◆ **Exercise data**:
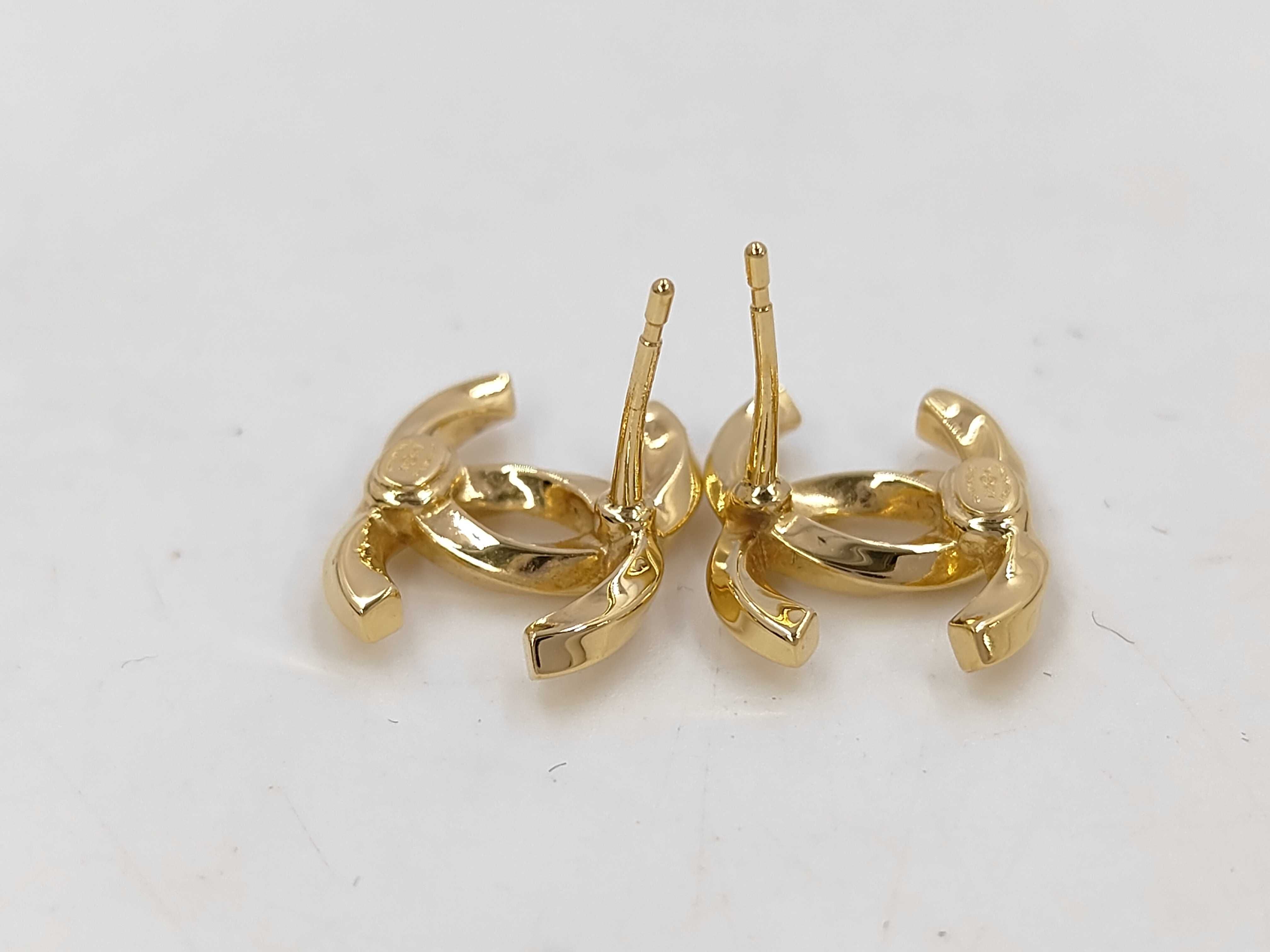 Coco Mark Twist Earrings (I25K) - Includes: Box, Invoice, Earrings — view 3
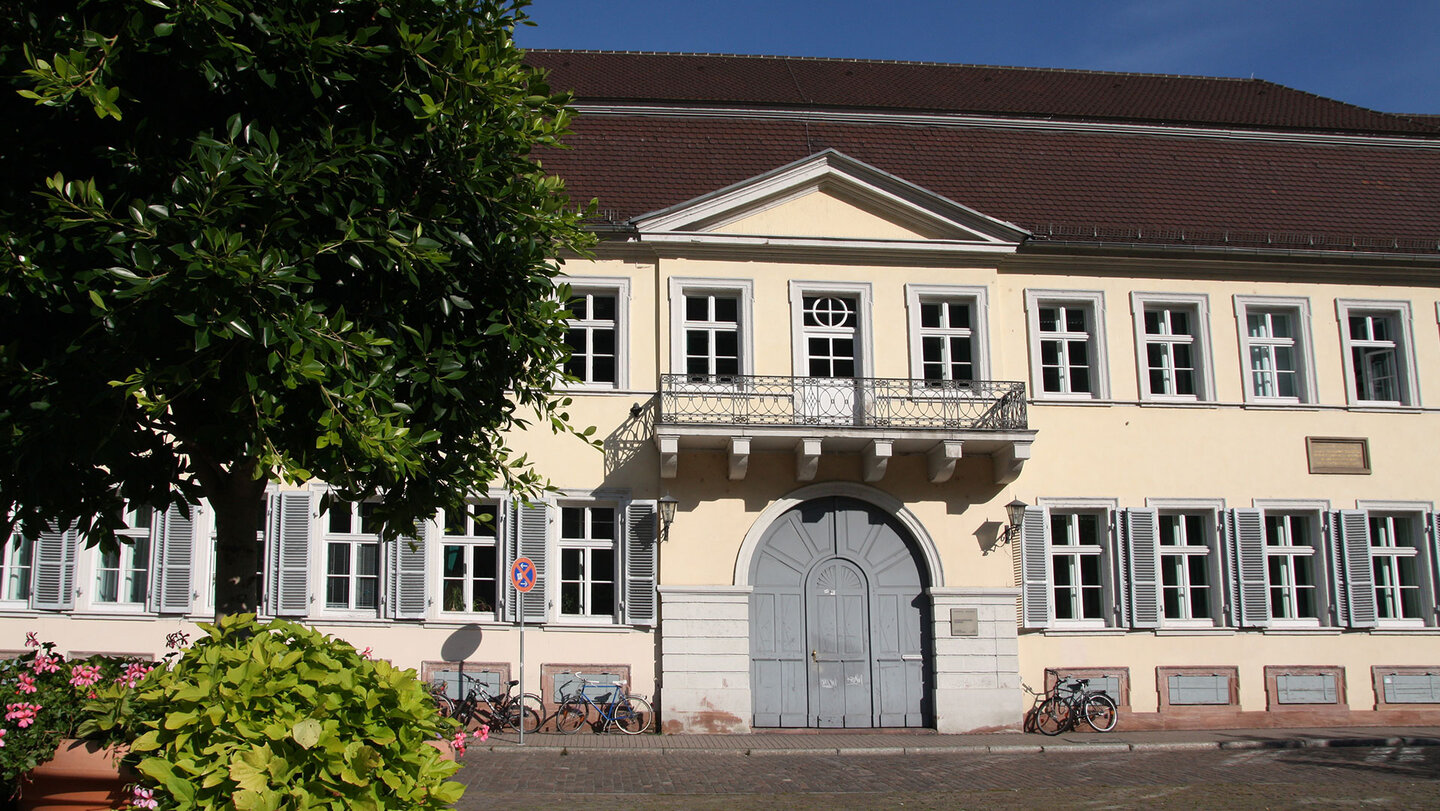 Palais Boisserée an der Nordseite des Karlsplatzes in der Heidelberger Altstadt Palais Boisserée in der Heidelberger Altstadt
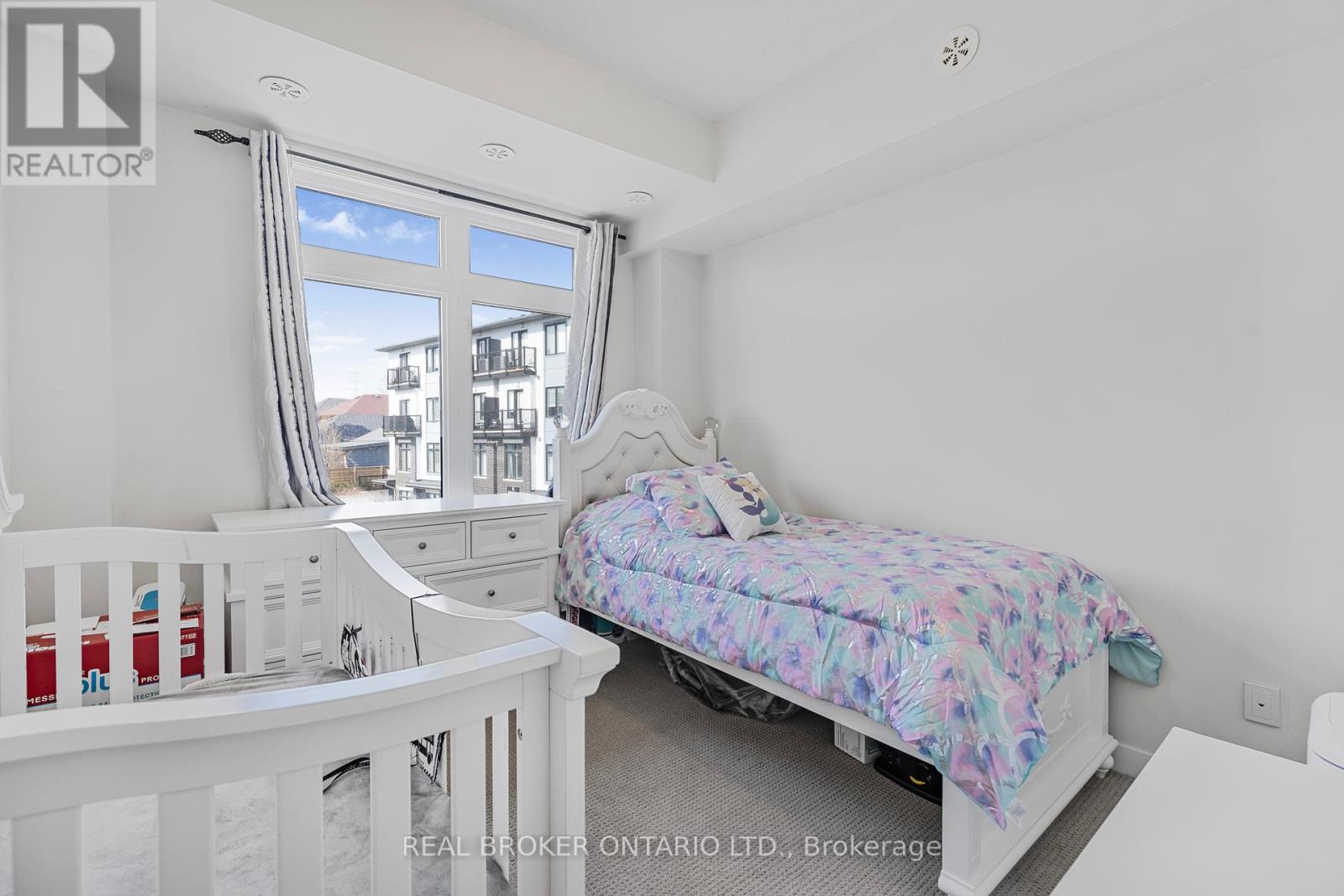 Photo 5 of 21 630 Rogers Road, Toronto ON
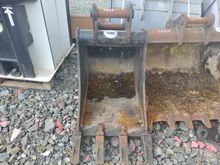Image of 24" Bucket 60mm Pins 430mm Centres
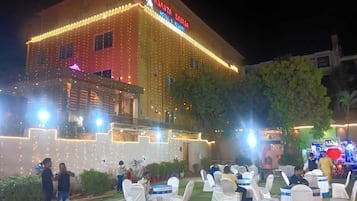Ngoại thất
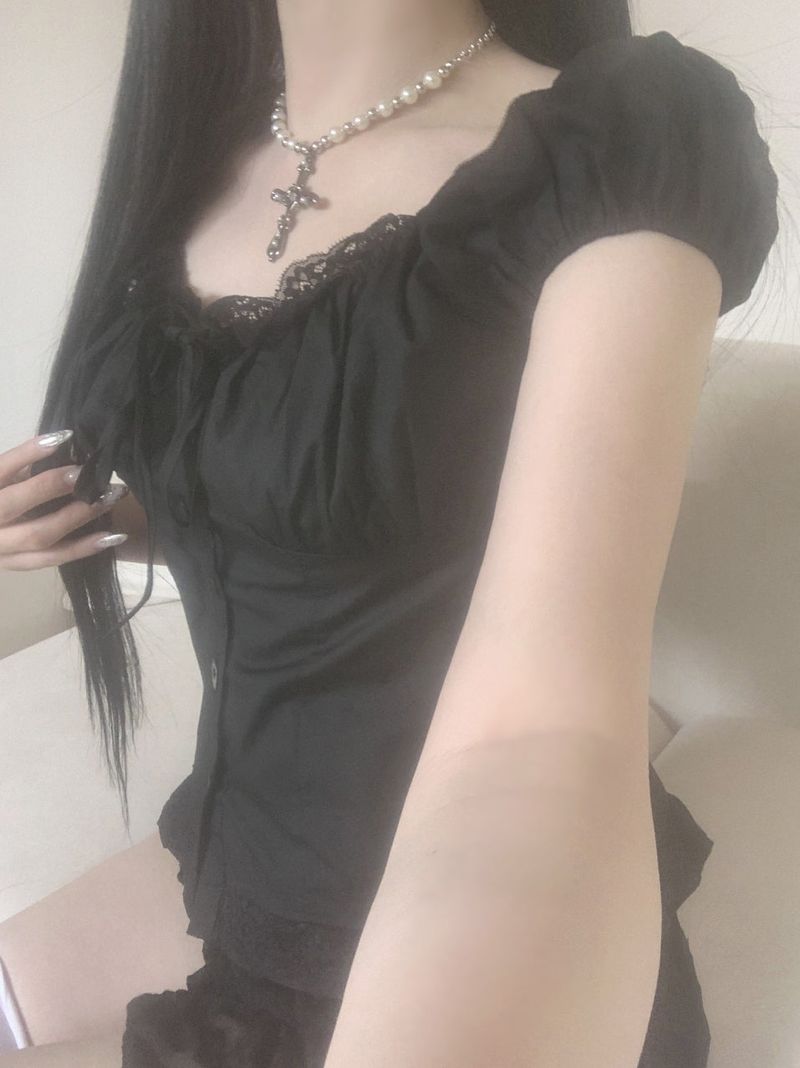 suzen（スゼン）の「Yuka lace flare black blouse（Tops）」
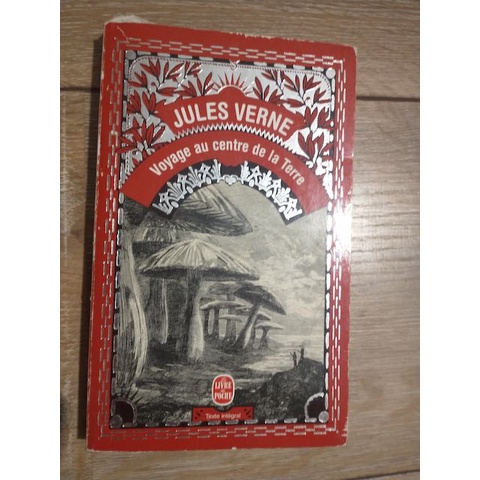 Livro importado em Francês - Voyage Au Centre de la Terre: por Jules Verne (Autor)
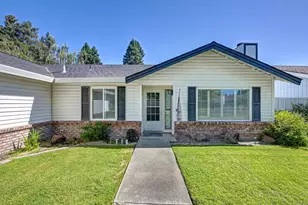 55 Bingham Cir, Sacramento, CA 95831 - Photo 8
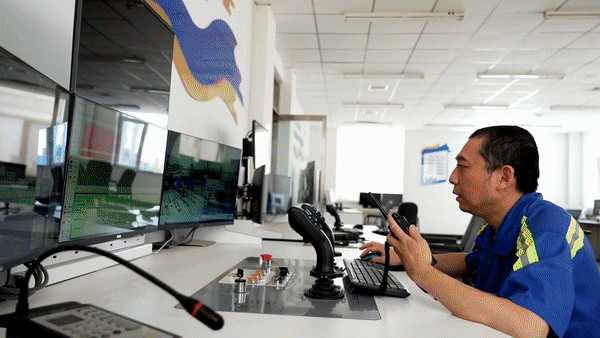 Cẩu giàn chạy ray tự động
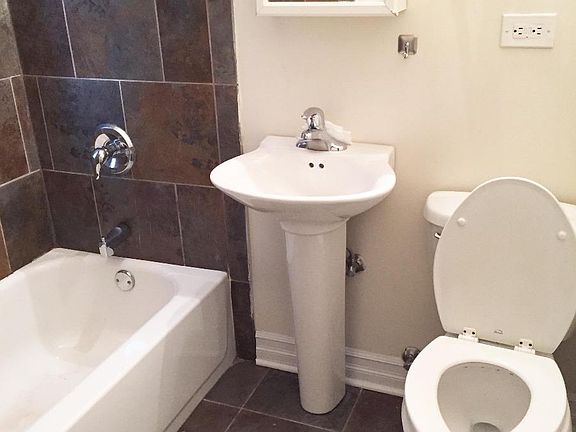 5th image of 3814 N Sheffield Ave APT 1E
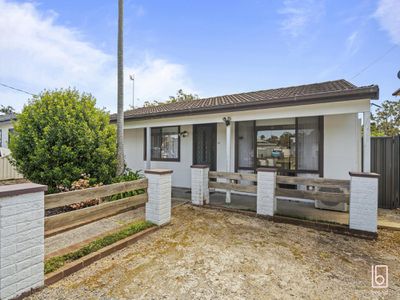 83 Ocean View Road, Gorokan
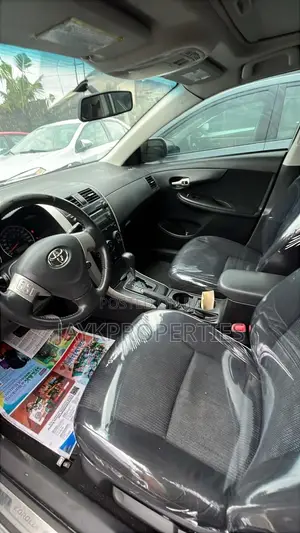 Toyota Corolla 2010 Silver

◆ **Aim of the task**:
From the first line to the last, retype the material exactly and exclude the pictures.

◆ **Response area**:
 Coco Mark Twist Earrings (I25K) - Includes: Box, Invoice, Earrings — view 3
 Palais Boisserée an der Nordseite des Karlsplatzes in der Heidelberger Altstadt Palais Boisserée in der Heidelberger Altstadt
 Photo 5 of 21 630 Rogers Road, Toronto ON
Image of 24" Bucket 60mm Pins 430mm Centres
Ngoại thất
 suzen（スゼン）の「Yuka lace flare black blouse（Tops）」
 Livro importado em Francês - Voyage Au Centre de la Terre: por Jules Verne (Autor)
 55 Bingham Cir, Sacramento, CA 95831 - Photo 8
 Cẩu giàn chạy ray tự động
 5th image of 3814 N Sheffield Ave APT 1E
 83 Ocean View Road, Gorokan
 Toyota Corolla 2010 Silver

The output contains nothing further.